• **WORK ORDER**: For this exercise, print the records below verbatim.

Caption-style text data:
---
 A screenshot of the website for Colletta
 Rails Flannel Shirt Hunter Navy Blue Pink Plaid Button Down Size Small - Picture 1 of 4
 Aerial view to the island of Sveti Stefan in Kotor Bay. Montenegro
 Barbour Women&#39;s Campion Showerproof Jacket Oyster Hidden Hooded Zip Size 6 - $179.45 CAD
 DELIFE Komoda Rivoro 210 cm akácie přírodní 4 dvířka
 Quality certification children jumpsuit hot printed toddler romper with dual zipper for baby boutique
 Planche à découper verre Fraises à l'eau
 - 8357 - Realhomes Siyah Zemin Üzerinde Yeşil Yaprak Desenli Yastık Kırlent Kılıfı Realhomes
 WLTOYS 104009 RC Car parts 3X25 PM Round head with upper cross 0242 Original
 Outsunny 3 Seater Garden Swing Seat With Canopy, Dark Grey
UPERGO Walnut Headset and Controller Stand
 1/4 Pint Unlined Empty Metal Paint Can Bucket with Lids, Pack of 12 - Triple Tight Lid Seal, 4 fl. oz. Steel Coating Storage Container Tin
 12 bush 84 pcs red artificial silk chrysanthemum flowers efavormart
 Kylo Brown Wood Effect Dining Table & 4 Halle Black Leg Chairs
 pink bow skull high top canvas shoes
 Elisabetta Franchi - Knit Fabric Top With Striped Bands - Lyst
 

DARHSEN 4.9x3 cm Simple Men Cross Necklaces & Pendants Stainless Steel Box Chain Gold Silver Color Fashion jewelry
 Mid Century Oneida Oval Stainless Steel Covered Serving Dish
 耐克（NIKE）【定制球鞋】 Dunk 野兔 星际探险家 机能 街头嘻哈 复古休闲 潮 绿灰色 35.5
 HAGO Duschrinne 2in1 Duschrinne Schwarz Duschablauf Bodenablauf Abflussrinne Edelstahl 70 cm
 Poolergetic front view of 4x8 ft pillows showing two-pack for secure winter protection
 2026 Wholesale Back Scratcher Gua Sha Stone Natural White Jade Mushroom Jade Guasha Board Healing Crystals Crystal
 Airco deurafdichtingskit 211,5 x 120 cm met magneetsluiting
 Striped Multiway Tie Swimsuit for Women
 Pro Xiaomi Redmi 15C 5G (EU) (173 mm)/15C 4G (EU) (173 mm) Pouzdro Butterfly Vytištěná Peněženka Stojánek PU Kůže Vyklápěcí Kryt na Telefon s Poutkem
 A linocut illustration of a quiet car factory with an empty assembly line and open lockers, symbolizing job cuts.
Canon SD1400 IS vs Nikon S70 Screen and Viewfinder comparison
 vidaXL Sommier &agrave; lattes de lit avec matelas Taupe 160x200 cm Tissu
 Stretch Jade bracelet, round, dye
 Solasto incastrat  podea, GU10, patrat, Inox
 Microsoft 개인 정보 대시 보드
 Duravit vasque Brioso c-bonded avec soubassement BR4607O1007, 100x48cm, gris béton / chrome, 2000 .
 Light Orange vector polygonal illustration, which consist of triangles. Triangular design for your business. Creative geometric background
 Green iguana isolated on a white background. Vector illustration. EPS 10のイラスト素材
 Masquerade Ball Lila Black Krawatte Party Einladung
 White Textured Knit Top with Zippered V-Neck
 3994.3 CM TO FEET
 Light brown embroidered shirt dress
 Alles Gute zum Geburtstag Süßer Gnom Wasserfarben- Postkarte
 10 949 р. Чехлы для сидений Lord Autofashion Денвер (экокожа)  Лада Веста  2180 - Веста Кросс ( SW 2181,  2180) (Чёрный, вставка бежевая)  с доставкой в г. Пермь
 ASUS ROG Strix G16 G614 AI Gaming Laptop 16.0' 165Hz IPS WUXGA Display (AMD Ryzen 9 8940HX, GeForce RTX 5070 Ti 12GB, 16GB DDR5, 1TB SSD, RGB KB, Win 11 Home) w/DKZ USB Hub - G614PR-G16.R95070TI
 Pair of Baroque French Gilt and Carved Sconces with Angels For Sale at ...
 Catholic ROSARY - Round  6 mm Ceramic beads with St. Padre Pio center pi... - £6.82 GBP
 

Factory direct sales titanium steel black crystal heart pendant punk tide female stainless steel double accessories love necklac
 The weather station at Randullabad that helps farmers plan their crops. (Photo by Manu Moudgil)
---
• **PROBLEM SOLUTION**:
 A screenshot of the website for Colletta
 Rails Flannel Shirt Hunter Navy Blue Pink Plaid Button Down Size Small - Picture 1 of 4
 Aerial view to the island of Sveti Stefan in Kotor Bay. Montenegro
 Barbour Women&#39;s Campion Showerproof Jacket Oyster Hidden Hooded Zip Size 6 - $179.45 CAD
 DELIFE Komoda Rivoro 210 cm akácie přírodní 4 dvířka
 Quality certification children jumpsuit hot printed toddler romper with dual zipper for baby boutique
 Planche à découper verre Fraises à l'eau
 - 8357 - Realhomes Siyah Zemin Üzerinde Yeşil Yaprak Desenli Yastık Kırlent Kılıfı Realhomes
 WLTOYS 104009 RC Car parts 3X25 PM Round head with upper cross 0242 Original
 Outsunny 3 Seater Garden Swing Seat With Canopy, Dark Grey
UPERGO Walnut Headset and Controller Stand
 1/4 Pint Unlined Empty Metal Paint Can Bucket with Lids, Pack of 12 - Triple Tight Lid Seal, 4 fl. oz. Steel Coating Storage Container Tin
 12 bush 84 pcs red artificial silk chrysanthemum flowers efavormart
 Kylo Brown Wood Effect Dining Table & 4 Halle Black Leg Chairs
 pink bow skull high top canvas shoes
 Elisabetta Franchi - Knit Fabric Top With Striped Bands - Lyst
 

DARHSEN 4.9x3 cm Simple Men Cross Necklaces & Pendants Stainless Steel Box Chain Gold Silver Color Fashion jewelry
 Mid Century Oneida Oval Stainless Steel Covered Serving Dish
 耐克（NIKE）【定制球鞋】 Dunk 野兔 星际探险家 机能 街头嘻哈 复古休闲 潮 绿灰色 35.5
 HAGO Duschrinne 2in1 Duschrinne Schwarz Duschablauf Bodenablauf Abflussrinne Edelstahl 70 cm
 Poolergetic front view of 4x8 ft pillows showing two-pack for secure winter protection
 2026 Wholesale Back Scratcher Gua Sha Stone Natural White Jade Mushroom Jade Guasha Board Healing Crystals Crystal
 Airco deurafdichtingskit 211,5 x 120 cm met magneetsluiting
 Striped Multiway Tie Swimsuit for Women
 Pro Xiaomi Redmi 15C 5G (EU) (173 mm)/15C 4G (EU) (173 mm) Pouzdro Butterfly Vytištěná Peněženka Stojánek PU Kůže Vyklápěcí Kryt na Telefon s Poutkem
 A linocut illustration of a quiet car factory with an empty assembly line and open lockers, symbolizing job cuts.
Canon SD1400 IS vs Nikon S70 Screen and Viewfinder comparison
 vidaXL Sommier &agrave; lattes de lit avec matelas Taupe 160x200 cm Tissu
 Stretch Jade bracelet, round, dye
 Solasto incastrat  podea, GU10, patrat, Inox
 Microsoft 개인 정보 대시 보드
 Duravit vasque Brioso c-bonded avec soubassement BR4607O1007, 100x48cm, gris béton / chrome, 2000 .
 Light Orange vector polygonal illustration, which consist of triangles. Triangular design for your business. Creative geometric background
 Green iguana isolated on a white background. Vector illustration. EPS 10のイラスト素材
 Masquerade Ball Lila Black Krawatte Party Einladung
 White Textured Knit Top with Zippered V-Neck
 3994.3 CM TO FEET
 Light brown embroidered shirt dress
 Alles Gute zum Geburtstag Süßer Gnom Wasserfarben- Postkarte
 10 949 р. Чехлы для сидений Lord Autofashion Денвер (экокожа)  Лада Веста  2180 - Веста Кросс ( SW 2181,  2180) (Чёрный, вставка бежевая)  с доставкой в г. Пермь
 ASUS ROG Strix G16 G614 AI Gaming Laptop 16.0' 165Hz IPS WUXGA Display (AMD Ryzen 9 8940HX, GeForce RTX 5070 Ti 12GB, 16GB DDR5, 1TB SSD, RGB KB, Win 11 Home) w/DKZ USB Hub - G614PR-G16.R95070TI
 Pair of Baroque French Gilt and Carved Sconces with Angels For Sale at ...
 Catholic ROSARY - Round  6 mm Ceramic beads with St. Padre Pio center pi... - £6.82 GBP
 

Factory direct sales titanium steel black crystal heart pendant punk tide female stainless steel double accessories love necklac
 The weather station at Randullabad that helps farmers plan their crops. (Photo by Manu Moudgil)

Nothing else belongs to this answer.